Gary brings decades of experience inside the Toyota system to this conversation, and he pulls no punches. While efficiency focuses on the producer — doing things with less waste — effectiveness focuses on the customer: solving the right problems, creating the right outcomes. Both matter, but most organisations are so obsessed with efficiency metrics that they are inadvertently destroying their own effectiveness — and often don't know it, because the metrics they are using are being gamed.

Gary shares two powerful case studies. The first involves a production manager claiming 103% efficiency — a mathematical impossibility that turned out to mask a true gross efficiency of just 50%. The second is a microbiology company on the verge of collapse that, by mapping its perfect system and systematically removing problems, errors, delays, and frustrations, reduced its project timeline from 116 weeks to just 26 weeks — and in the process solved science problems no one had ever solved, creating global patents and a new revenue stream. This is what effectiveness innovation looks like in practice.

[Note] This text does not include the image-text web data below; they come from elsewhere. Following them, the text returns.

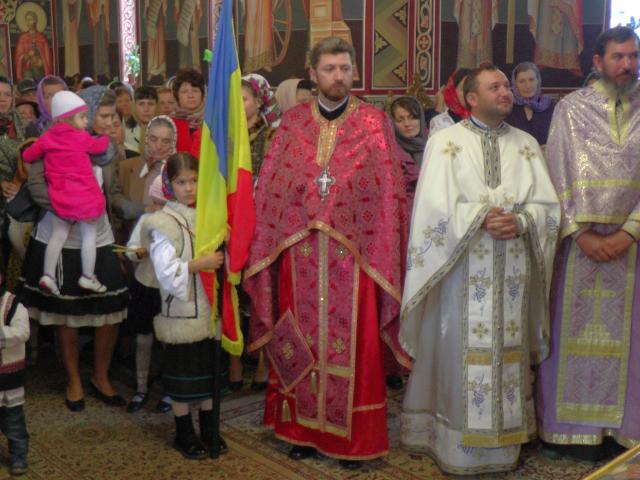 Slujbă de resfințire și Liturghie arhierească în cartierul sucevean Burdujeni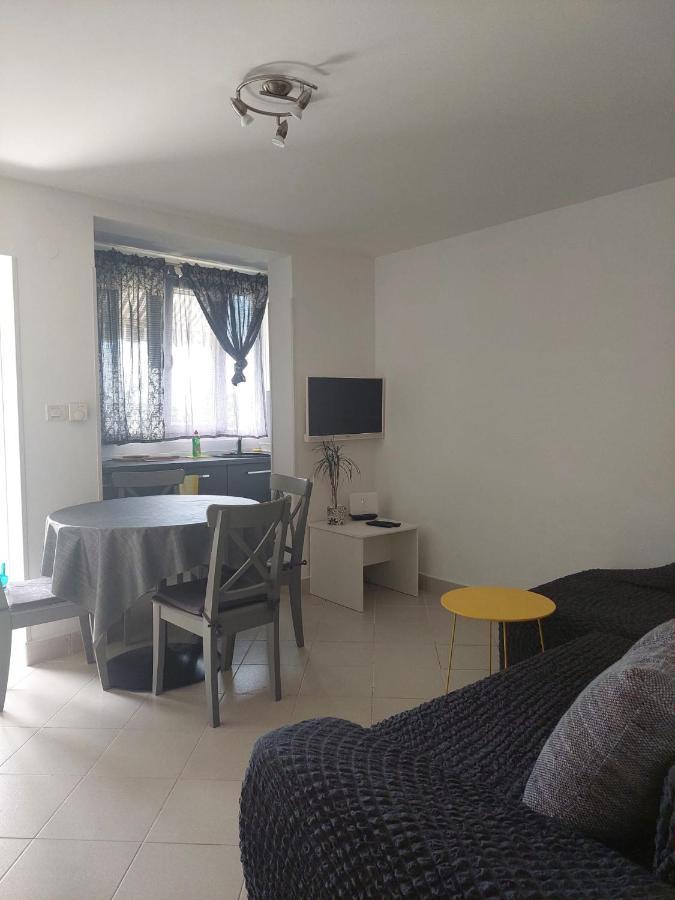 Apartman Katarina Cres Exteriör bild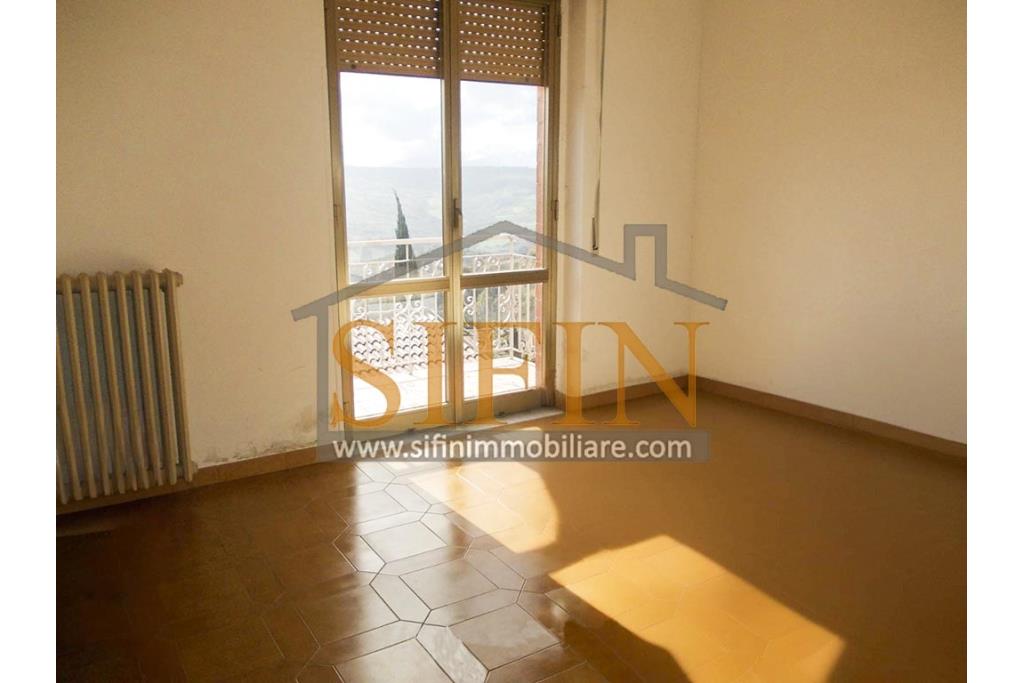 Palazzina con giardino - Carife, via Contardi, in posizione sovrastante e panoramica, proponiamo in vendita palazzina di compressivi mq. 240,00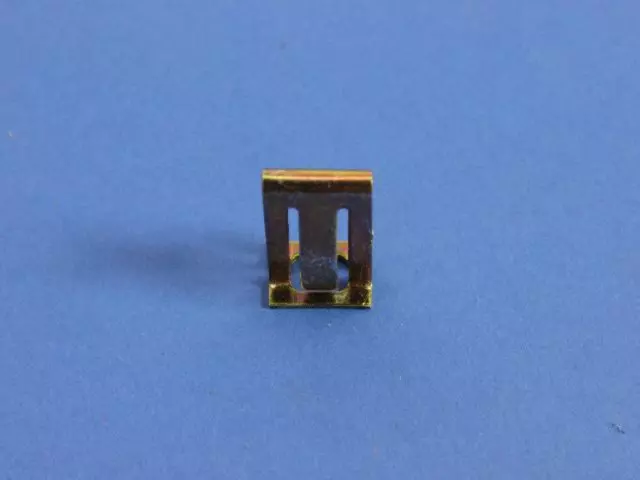 6503519 - : Trim Panel Retainer for Chrysler: Grand Voyager, Prowler, Sebring, Town &amp; Country, Voyager | Dodge: Caravan, Grand Caravan, Neon, Stratus Image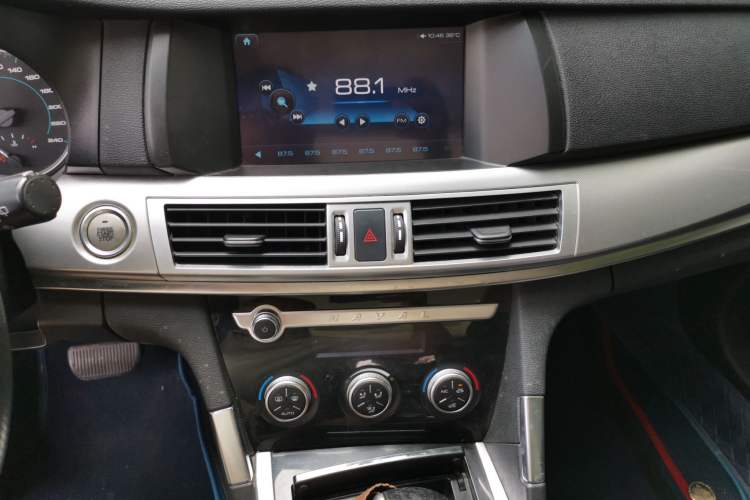 Used Haval H7 2018 Blue-Label H7 2.0T Automatic Enjoyment Model Audio And AC Panel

The conversation also challenges some deeply held assumptions about Lean, describing it as fundamentally a 'watching the hands' method that can take organisations to 3 or 3.5 out of 10 on the perfect line — but never to 4. The shift required to go further is not a technical one; it is a human one. And that requires leaders to give up command and control in favour of a model that develops the human mind as its primary purpose.

 

Key topics covered in this episode:

•       The difference between effectiveness innovation (customer-focused, revenue and profit) and efficiency innovation (producer-focused, working capital and cash flow)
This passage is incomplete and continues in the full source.